Talum is the preferred port of the Mayan kings and clergy in ancient times, located on the world’s second largest barrier reef. In Talum you turn around and head back the way you came to end in Isla Mujeres or Cancun, or you can disembark in Talum.
Best time to sail: Year Round except August & September
Belize is truly one of the world’s last, relatively undiscovered travel destinations. The waters of Belize have so much to offer: incredible diving, snorkeling, island hopping, beaches, eco tours, and a wonderful sailing ground, protected by the world’s second largest continuous barrier reef, a UNESCO World Heritage Site.
An average temperature of 84 degrees throughout the year and warm water year round makes this a sailing destination that is hard to beat.
Fantastic natural features such as the Blue Hole and deserted lagoons and cayes with manatees abound. Time it right, March to early June and you could watch the whale sharks migrating along the coast.

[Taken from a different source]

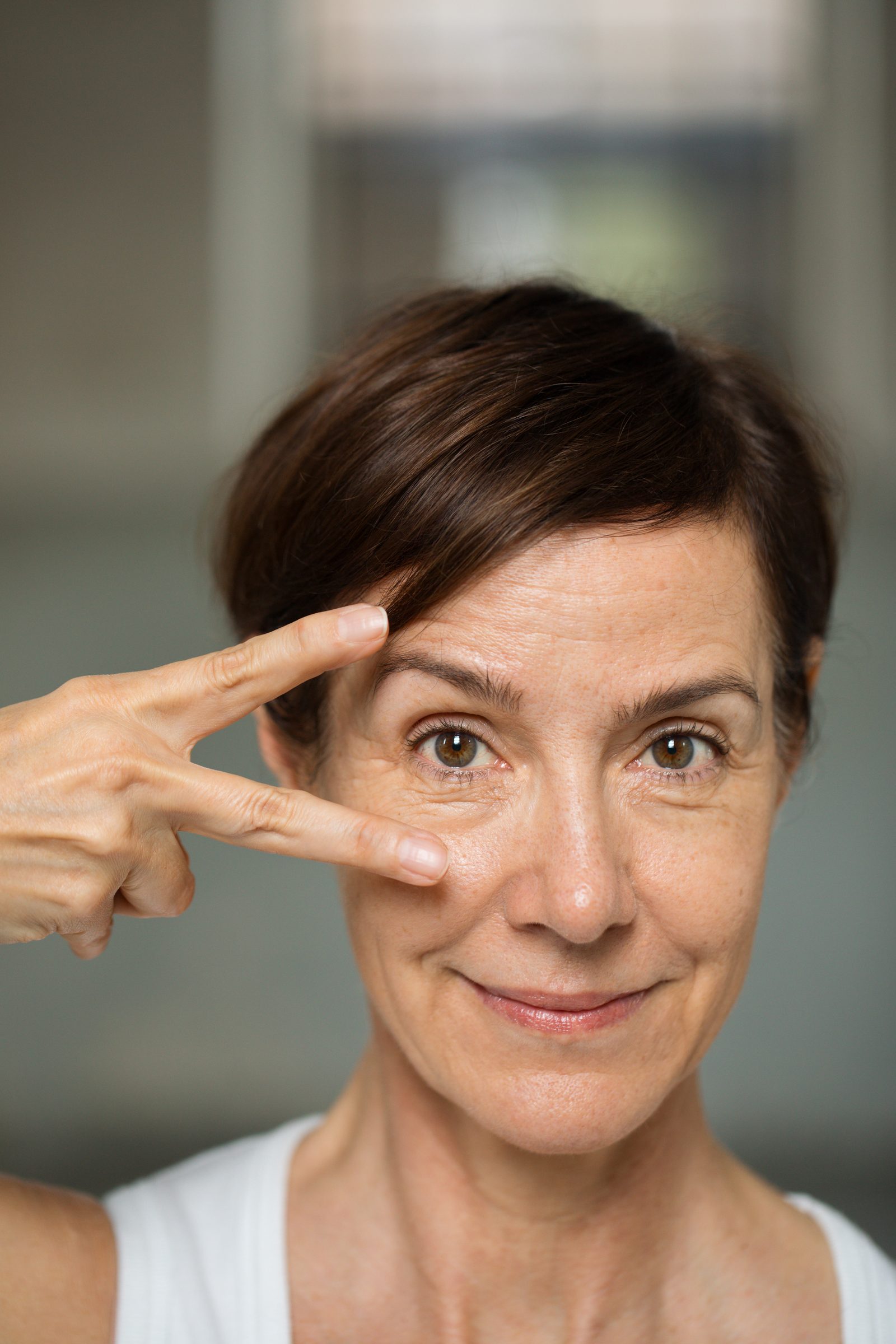Nahaufnahme einer lächelnden Frau mit kurzen dunklen Haaren, die zwei Finger neben ihr Auge hält, Personal-Branding-Porträt für Schminktante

For the US and Canadian traveler, Belize offers the distinct advantage of being the only country in Central America with English as the national language. And remember…No Christmas winds or over-crowded anchorages!
Two of the best five dive sites in the Western Caribbean are located in Belize – the Blue Hole, which is not for the faint-hearted as hammerheads are sighted regularly there, and Half Moon Cay, which has a 6,000 ft. drop off, creating a free fall effect over spur-and-groove canyons, thick with corals.
Fly into Philip S.W. Goldson International Airport in Belize City. Your cruise begins and ends at Cucumber Beach Marina, just 3 miles SE of the city and a stone’s throw from the heart of the cruising ground.
Best time to visit: Year Round except August & September
San Blas Islands
The San Blas islands are a group of islands in the Caribbean Sea, belonging to Panama. One of Microsoft’s most popular wallpapers, the one with the deserted island in the blue lagoon, was taken in the San Blas Islands. There are 378 tiny islands within the archipelago, scattered in an area of about 100 square miles. The majority of the 378 islands have no inhabitants, but on the larger islands, you find the gentle native people, known as the Kunas, who are famous for their mola tapestries.
The Islands are not yet discovered by massive tourism, and the Kuna Indians are fully in control of the islands. The Kuna’s protect their lands against massive tourism and keep them healthy and beautiful. This makes the San Blas Islands unique if you are searching for untouched nature and culture. Houses on the 49 inhabited islands are made of eco-friendly materials made from natural materials found on the islands and in the jungle. When you visit the San Blas Islands, don’t forget to try some of the traditional Kuna food.
The most common way to get to the San Blas Islands is by flying from Panama City to El Porvenir, an island in the Gulf of San Blas, where you will sail the short hop to the San Blas. Your yacht will meet you in El Porvenir. Book flights here. Another way is to sail from Cartagena, the legendary city on the coast of Colombia, which has been designated a UNESCO World Heritage Site.